§ **Data extracts**:
^^^^^^^^^^^^^^^^
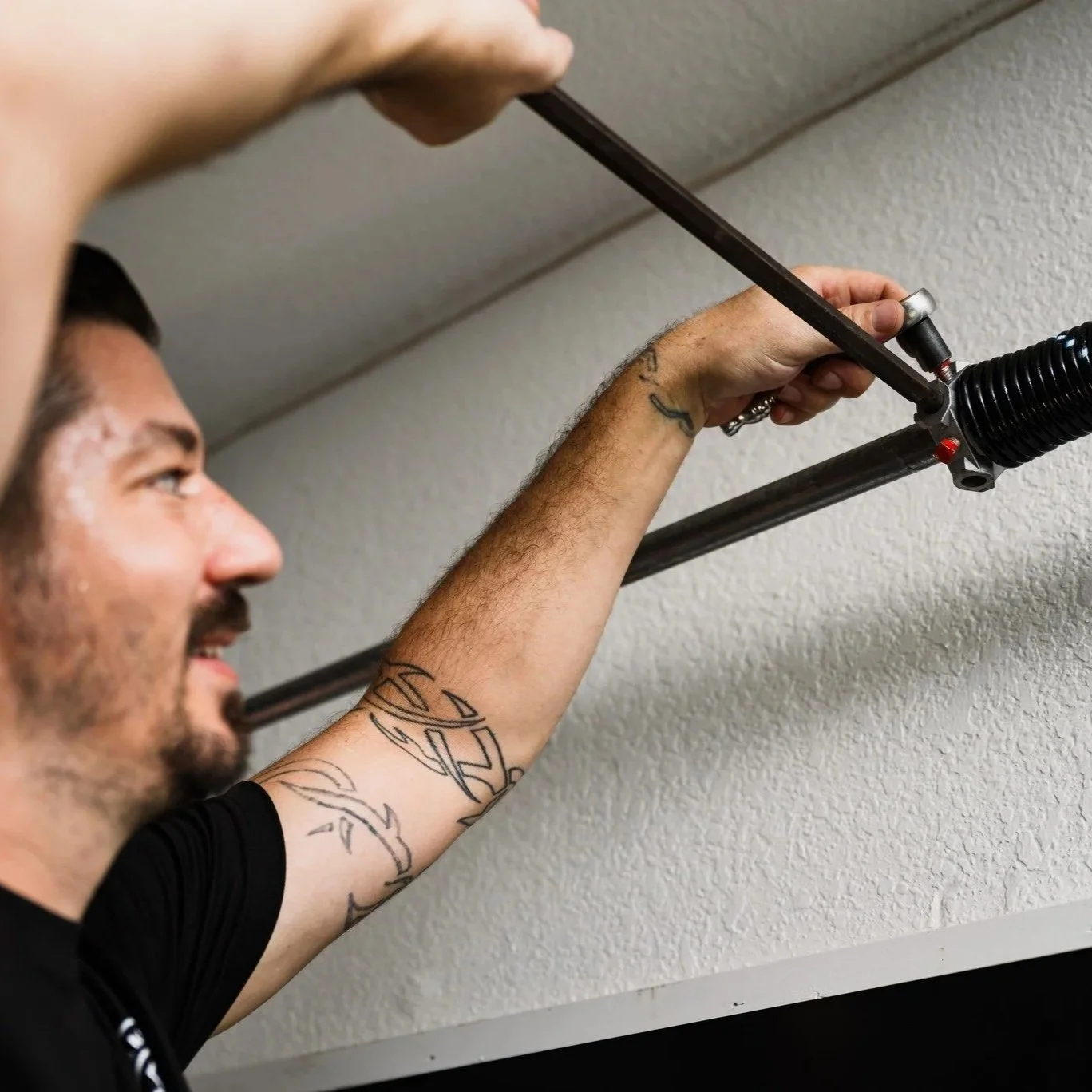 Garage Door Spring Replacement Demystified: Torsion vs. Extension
^^^^^^^^^^^^^^^^
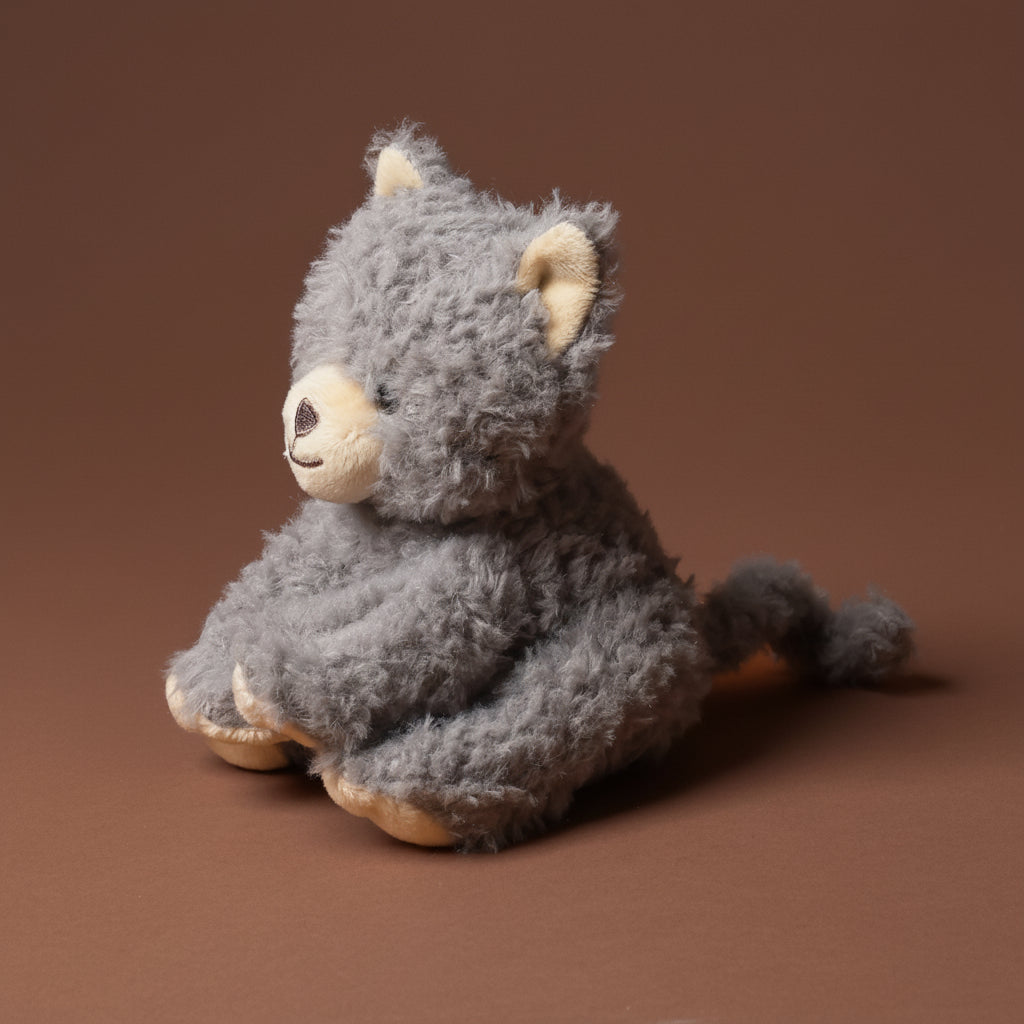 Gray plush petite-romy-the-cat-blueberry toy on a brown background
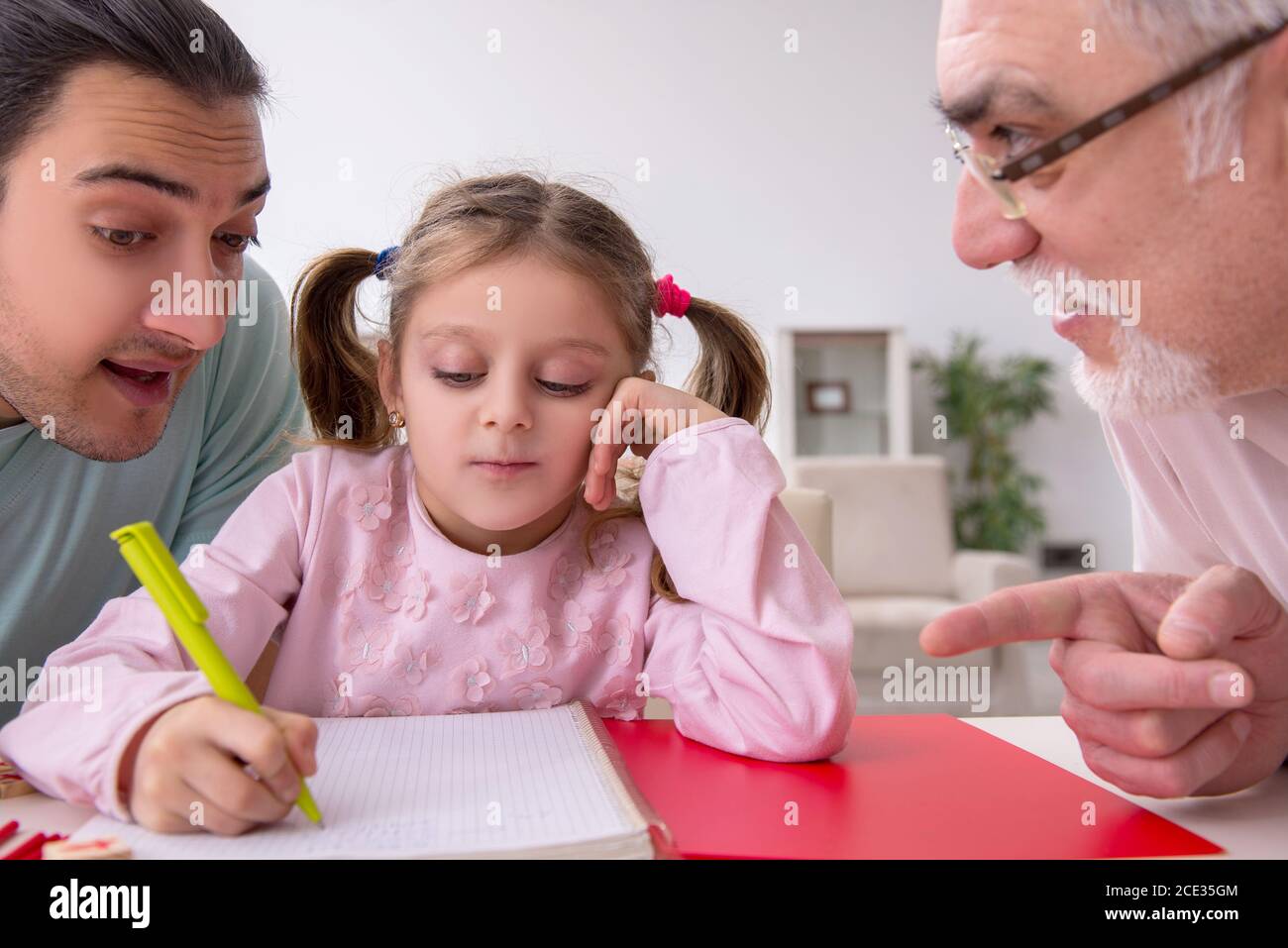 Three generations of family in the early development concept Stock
^^^^^^^^^^^^^^^^
§ **Your assignment**: Nothing but the lines above, starting at the line that contains "Gray plush petite-romy-the-cat-blueberry" and ending at the line that contains "Three generations of", should be given again, exactly and without the pictures.

§ **Result of this task**:
 Gray plush petite-romy-the-cat-blueberry toy on a brown background
 Three generations of family in the early development concept Stock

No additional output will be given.